Pero Dionisio y Javier estaban de mejor humor, intercambiaron una mirada cómplice sin decir palabra.
Después de desayunar, Dionisio le dijo a Rosana: -Hoy en la noche vamos al club, reservaré el lugar con anticipación, iremos juntos.
Hablando de asuntos serios, Rosana se puso seria: -De acuerdo, más tarde contactaré a la familia Lines.
Justo cuando se estaban preparando para salir, Dionisio recibió una llamada urgente del trabajo que tenía que atender.
Javier miró a Dionisio: -Dame las llaves del carro, yo me encargo.

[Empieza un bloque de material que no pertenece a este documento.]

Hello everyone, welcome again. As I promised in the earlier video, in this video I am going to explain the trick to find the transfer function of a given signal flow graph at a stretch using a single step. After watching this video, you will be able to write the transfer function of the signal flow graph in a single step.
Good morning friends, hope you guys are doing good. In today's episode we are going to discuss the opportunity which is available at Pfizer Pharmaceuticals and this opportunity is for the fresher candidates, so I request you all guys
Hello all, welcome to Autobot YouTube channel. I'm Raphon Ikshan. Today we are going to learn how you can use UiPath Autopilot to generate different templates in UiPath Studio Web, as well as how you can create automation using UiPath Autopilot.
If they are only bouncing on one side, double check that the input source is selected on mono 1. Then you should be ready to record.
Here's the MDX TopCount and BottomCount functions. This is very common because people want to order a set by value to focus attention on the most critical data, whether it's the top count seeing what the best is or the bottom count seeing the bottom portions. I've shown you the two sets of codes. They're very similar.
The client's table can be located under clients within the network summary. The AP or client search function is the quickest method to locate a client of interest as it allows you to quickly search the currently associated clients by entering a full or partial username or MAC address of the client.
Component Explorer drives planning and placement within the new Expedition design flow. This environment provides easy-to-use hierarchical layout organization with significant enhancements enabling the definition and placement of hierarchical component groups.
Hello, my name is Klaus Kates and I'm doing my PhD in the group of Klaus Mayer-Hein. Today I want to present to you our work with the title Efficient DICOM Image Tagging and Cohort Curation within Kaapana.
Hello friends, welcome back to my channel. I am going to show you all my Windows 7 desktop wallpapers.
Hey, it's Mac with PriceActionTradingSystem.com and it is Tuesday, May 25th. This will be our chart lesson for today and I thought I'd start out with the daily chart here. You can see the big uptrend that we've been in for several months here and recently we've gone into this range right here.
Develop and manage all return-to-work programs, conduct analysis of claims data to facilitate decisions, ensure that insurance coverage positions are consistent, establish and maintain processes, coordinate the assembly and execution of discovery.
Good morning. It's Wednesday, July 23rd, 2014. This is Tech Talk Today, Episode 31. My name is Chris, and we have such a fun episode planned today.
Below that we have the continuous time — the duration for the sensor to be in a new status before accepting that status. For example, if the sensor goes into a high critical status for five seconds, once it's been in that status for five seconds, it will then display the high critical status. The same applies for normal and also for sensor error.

Mientras Dionisio le pasaba las llaves a Javier, no pudo evitar pensar en la apuesta de la noche anterior, ¿por qué sentía que ya había perdido?
Este cuate, después de tantos años en el extranjero, había aprendido a jugar con astucia.
Javier fingió no notar la mirada de Dionisio, y se giró para llevar a Rosana y Sara a la escuela.
En el asiento trasero, Rosana miró al conductor: -Tengo una pregunta.
Javier echó un vistazo al espejo retrovisor antes de responder: -Pregunta lo que quieras.
-Con lo que vales, si trabajaras como guardaespaldas, ¿cobrarías mucho?
Al escuchar la pregunta, Sara se quedó sin aliento: -Yo soy una chica con dinero, puedo pagar.
Sara había mencionado a Javier sobre ser guardaespaldas, pero nunca discutieron sobre el
pago.
Javier no se molestó, simplemente respondió perezosamente.
Rosana observó la actitud de Javier y dedujo que Dionisio no se equivocaba, Javier realmente sentía algo por Sara.
Estaba claro que su regreso no era solamente por negocios.
Con eso en mente, Rosana decidió no seguir preguntando.
El carro se detuvo al costado de la calle.
Justo cuando Rosana y Sara estaban por bajar, Javier salió primero y se paró junto a la puerta.
Rosana lo míró: -¿Qué pasa?
Javier observó el carro que se acercaba, su voz se volvió seria: -Alguien viene.